If Bem can’t produce schema-valid output (e.g., the PDF is unreadable or a required field is missing), it will flag that instead of guessing:
{
"id": "call_9y4...",
"workflowName": "shipping-packet",
"status": "exception",
"schema_valid": false,
"error": {
"code": "SCHEMA_VALIDATION_FAILED",
"message": "Missing required property: shipper_name"
}
}
You can route this to a human review Surface or your own backoffice queue.
4. Same Call in Python and Node.js
If you’re building an app, you’ll likely wrap that cURL in a client.
Python (requests)
import requests
API_KEY = "YOUR_API_KEY"
WORKFLOW_NAME = "shipping-packet"
PDF_PATH = "document.pdf"
url = "https://api.bem.ai/v2/calls"
headers = {"X-Api-Key": API_KEY}
with open(PDF_PATH, "rb") as f:
files = {"file": f}
data = {"workflowName": WORKFLOW_NAME}
resp = requests.post(url, headers=headers, files=files, data=data)
resp.raise_for_status()
payload = resp.json()
if payload.get("schema_valid"):
result = payload["result"]
# Use result directly in your system
else:
# Handle exception path
print("Exception:", payload.get("error"))
Node.js (fetch / node-fetch)
import fs from "node:fs";
import fetch from "node-fetch";
import FormData from "form-data";
const API_KEY = "YOUR_API_KEY";
const WORKFLOW_NAME = "shipping-packet";
const PDF_PATH = "document.pdf";
async function run() {
const form = new FormData();
form.append("file", fs.createReadStream(PDF_PATH));
form.append("workflowName", WORKFLOW_NAME);
const res = await fetch("https://api.bem.ai/v2/calls", {
method: "POST",
headers: {
"X-Api-Key": API_KEY,
...form.getHeaders()
},
body: form
});
if (!res.ok) {
throw new Error(`HTTP ${res.status}: ${await res.text()}`);
}
const payload = await res.json();
if (payload.schema_valid) {
const result = payload.result;
// Push to ERP, TMS, etc.
} else {
console.error("Exception:", payload.error);
// Route to manual review or retry logic
}
}
run().catch(console.error);
Common Mistakes to Avoid
-
Treating the response as “just LLM output”:
Don’t ignoreschema_valid, confidence scores, and exception status. Use them as hard gates—only ingest whenschema_valid: true, and route everything else to review or a retry workflow. -
Hard-coding layouts or templates on top of Bem:
The point is to stop chasing per-vendor templates. Let the workflow + schema handle layout variability; if you start bolting regexes and coordinates around it, you’re reintroducing the fragility Bem is designed to remove.
Real-World Example
A fleet management team we work with had a common pattern: they could get a “nice” demo extraction from invoices, but it broke the moment they hit real traffic—mixed batches, half-scanned images, different tax layouts. Their engineers were stuck mapping every new vendor PDF to a custom parser.

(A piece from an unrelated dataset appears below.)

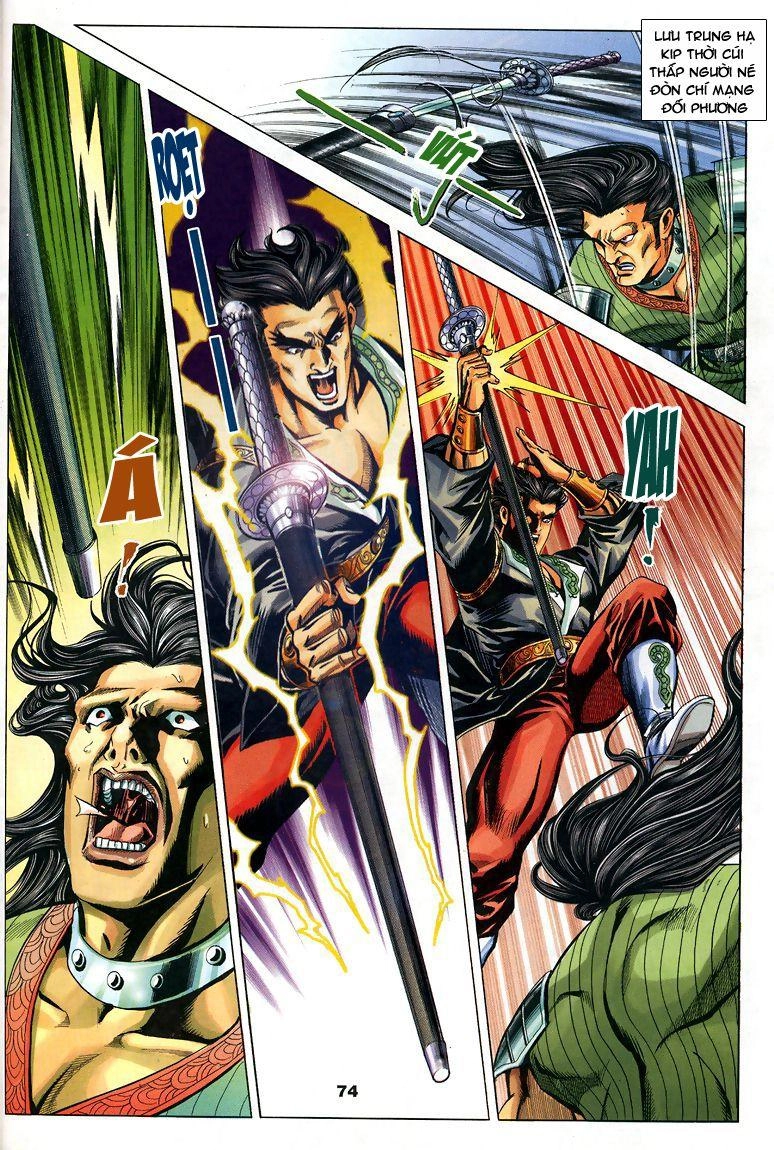 Tầm Tần Ký Chapter 77 - 14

They switched to a schema-first Bem workflow: defined one invoice schema, wired an extract function and enrichment against their vendor master Collection, and then moved their integration to a single POST /v2/calls with the invoice PDF. Now, every invoice—regardless of layout—returns schema-valid JSON totals and line items, plus match confidence against their vendor table. When Bem can’t confidently match, the call lands in a review Surface instead of silently corrupting their GL.
Pro Tip: In your first week, log
schema_valid, per-field confidence, and exception codes for every call. Use that log as your “eval harness” to set thresholds, refine your schema, and decide where you need Surfaces for human review.
Summary
You don’t need a giant integration project to get value from Bem. Define a schema, attach it to a workflow, and hit POST /v2/calls with your PDF and workflowName. In return, you get deterministic, schema-validated JSON with traceable confidence and exception handling—exactly what you need to plug into a TMS, ERP, or core product without a pile of brittle parsing code.
From there, you can iterate into enrichment, routing, and review queues, but the core pattern stays the same: one workflow, one call, structured data out.